WHO is Billy Mitchell? Until recently, he was just like the rest of us, living his life, minding his own business and then...
Until a few years ago, Mitchell was just a businessman and small-town rancher tending to cattle on 70 acres of land that’s been in his family for more than 40 years. The Trinity River snakes through his pastures, and a 130-year-old farmhouse provides shelter. Then a natural gas company used eminent domain laws to cut a 25-foot swath across the middle of his property to bury a pipeline.
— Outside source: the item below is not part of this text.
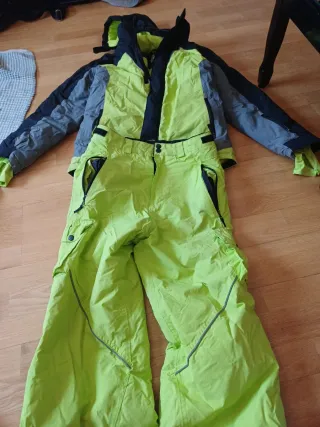 Conjunto Invierno Pantalón y Abrigo 158/164 cm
Mitchell spent more than $100,000 in legal fees in a two-year battle to protect his land, but the gas company prevailed.
Mitchell, whose travails were reported in the Weekly (“Fighting Back,” Sept. 5, 2007), has been on a mission ever since to reform property laws in Texas, and he sees Perry as Public Enemy No. 1. Perry’s desire for a mega-toll road stretching across Texas would have required rampant use of eminent domain, and the governor raised the ire of many Texans in 2007 when he vetoed a bill intended to provide landowners with more protection.
Standing up for what he believes is Mitchell’s MO. That’s why he fought the gas company instead of taking their initial offer for his land. That’s why he paid for a huge billboard along I-30 with the message: “Eminent Domain — Stealing What Others Work For.” That’s why he bought ads in local newspapers. And that’s why he sent the ethics commission a waiver request last month, telling them he would not pay the $1,300 fine.